Geospatial Libraries

  • FDO – API (C++, .Net) between GIS application and sources; for manipulating, defining and analysing geospatial data.
  • GDAL/OGR – Library between GIS applications and sources; for reading and writing raster geospatial data formats (GDAL) and simple features vector data (OGR).
  • GeoTools – Open source GIS toolkit (Java); to enable the creation of interactive geographic visualization clients.
  • GEOS – A C++ port of the Java Topology Suite (JTS), a geometry model.
  • MetaCRS – Projections and coordinate system technologies, including PROJ.
  • Orfeo ToolBox (OTB) – Open source tools to process satellite images and extract information.
  • OSSIM: Extensive geospatial image processing libraries with support for satellite and aerial sensors and common image formats.
  • PostGIS – Spatial extensions for the PostgreSQL database, enabling geospatial queries.

Desktop Applications

  • QGIS – Desktop GIS for data viewing, editing and analysis — Windows, Mac and Linux.
  • GRASS GIS – an extensible GIS for image processing and analysing raster, topological vector and graphic data.
  • OSSIM – Libraries and applications used to process imagery, maps, terrain, and vector data.
  • Marble – Virtual globe and world atlas.
  • gvSIG – Desktop GIS for data capturing, storing, handling, analysing and deploying.
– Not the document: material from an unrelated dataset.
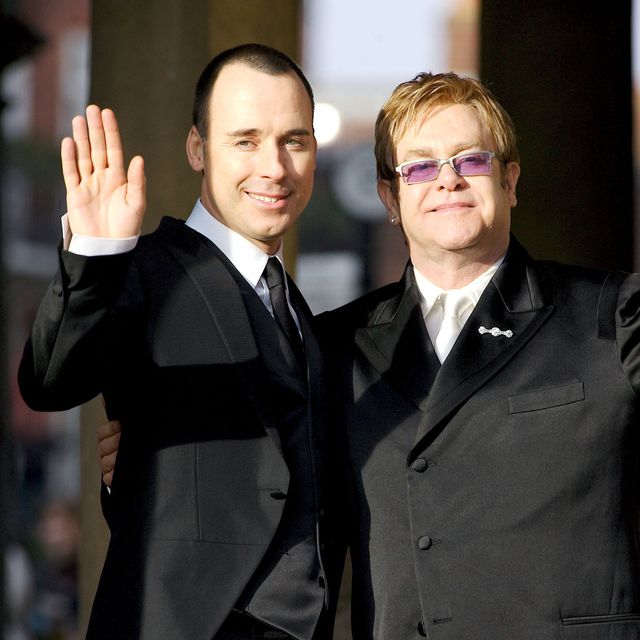 david furnish and elton john both wave and smile, they are both wearing black suits with white collared shirts and ties, elton wears silver framed sunglasses with purple tinted lenses
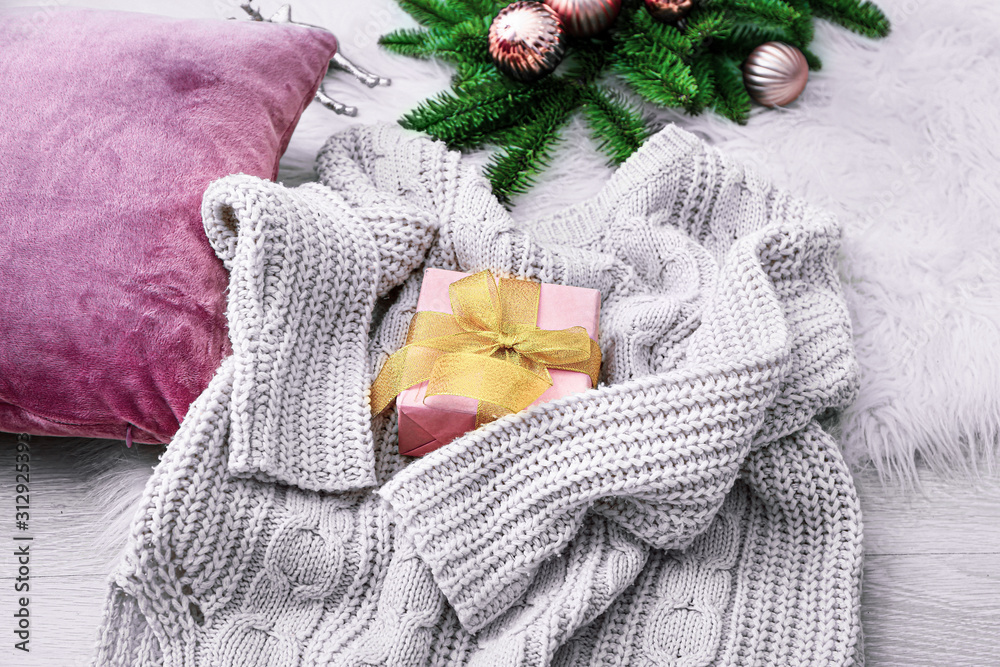 Beautiful Christmas composition with warm sweater, gift and decor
Includes map editing.
  • uDIG

Web Mapping Server

  • MapServer – Fast web mapping engine for publishing spatial data and services on the web; written in C.
  • Geomajas – Development software for web-based and cloud-based GIS applications.
  • GeoServer – Allows users to share and edit geospatial data. Written in Java using GeoTools.
  • deegree – Java framework
  • PyWPS – implementation of the OGC Web Processing Service standard, using Python
  • pygeoapi - A Python server implementation of the OGC API suite of standards for geospatial data.

Web Mapping Client

  • GeoMoose – JavaScript Framework for displaying distributed GIS data.
  • Mapbender – Framework to display, overlay, edit and manage distributed Web Map Services using PHP and JavaScript.
  • MapGuide Open Source – Platform for developing and deploying web mapping applications and geospatial web services. Windows-based, native file format.
  • MapFish – Framework for building rich web-mapping applications based on the Pylons Python web framework.
  • OpenLayers – an AJAX library (API) for accessing geographic data layers of all kinds.

Hosting

The GeoServer and PostGIS + PostgreSQL Geodatabase will need to be deployed in the Pipi Data Centre and used by the spatial agent engine. Providing hosted GIS to customers will require Ajabbi to purchase or lease bare-metal servers to host open-source GIS Web Servers.

GeoServer 3 will be available in Docker. All doable.

Support

Sponsor open-source and pay for support from GeoSolutions, etc.